With the monsoon, the Buriganga gets back some of its health. Even the naked eye can see that the water is no longer jet black like tar and does not emit foul smell now. This has been confirmed lately by a study carried out by the Centre for Atmospheric Pollution Studies of the Stamford University. The acidity of water is within the acceptable range and particles per million have also been tolerable. But in the channel of old Buriganga this is yet to come anywhere near the standard.
Be that what it may, the fact is that Buriganga is comparatively in a better health now since 2019. A combination of factors has made this possible. Rains this year have been plenty and this has been further helped by frequent and at times prolonged lockdowns. What it shows is that the Buriganga may still stand a chance of survival if proper measures are taken from now on. If the lockdowns have been of help, the massive eviction drive launched by the Bangladesh Inland Transport Authority (BIWTA) in which hundreds of illegal structures including polluting factories were knocked down has also proved beneficial. Further encroachment has been discouraged by this campaign for saving rivers in Bangladesh.

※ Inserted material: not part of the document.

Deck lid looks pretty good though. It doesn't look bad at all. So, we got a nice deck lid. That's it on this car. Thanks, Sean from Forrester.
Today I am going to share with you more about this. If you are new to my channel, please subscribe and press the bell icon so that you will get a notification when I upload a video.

This has been an awakening on the part of a nation that has by now earned the infamy of what may be coined as 'rivericide' (killing of rivers). That rivers all across the country have been strangulated or encroached upon to turn them into mere canals or ditches is no secret. The authorities turned a blind eye to such cases even after environmental groups and rights bodies brought the issue to the former's notice. Had the river saving campaign received the attention it deserves, many rivers would not have died or been in their death throes.
The media have long been carrying pictorial reports on mindless encroachment of rivers all over Bangladesh. But when the lifeline of capital Dhaka itself suffers utter neglect, rivers elsewhere in the country stand hardly any chance of a redress. They will die unless some drastic measures are taken. An example has to be set by treating the Buriganga back to its health. Will the authority rise up to the challenge?

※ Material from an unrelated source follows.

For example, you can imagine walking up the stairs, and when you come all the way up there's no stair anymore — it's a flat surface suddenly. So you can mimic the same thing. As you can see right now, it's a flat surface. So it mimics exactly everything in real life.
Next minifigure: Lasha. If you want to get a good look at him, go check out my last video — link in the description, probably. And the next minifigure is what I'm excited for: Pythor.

Ever since the High Court has declared rivers as 'living entity', there has been a change in the perception of these life-giving resources, albeit among a limited number of people. In a country where occupation and possession of land count as the ultimate consideration, even if the importance of rivers can change mentality of a few it is at least some gains.
It is unacceptable that the authorities have still failed to compel factories and industries not to release untreated waste into the Buriganga. There have been tall talks of turning the riverside into gardens or parks for people to enjoy the river's scenic beauty and fresh air. That may wait but before that let there be no compromise on releasing factory effluent and dumping of solid waste into the river water.
There are rivers that flow by --- or even bifurcate them --- some of the world's famous cities and capitals in France, Russia, the Netherlands. No one is allowed even to throw away even a small piece of paper into those rivers. The waters of those rivers are crystal clear. In some of those, birds have found a most ideal roaming place. They are not afraid of people who gather there in large numbers. In fact they are a treat to the eyes of all who come for loitering or an evening walk.
The Buriganga could be one such river but for the callousness of the people and the authorities. If its water can be left completely unpolluted, the Buriganga can still become a source of permanent joy. In that case the Sadarghat has to be removed preferably well beyond Postagola from its present location. If the river thus recovers its health, Dhaka city will also be a recipient of many of its benefits.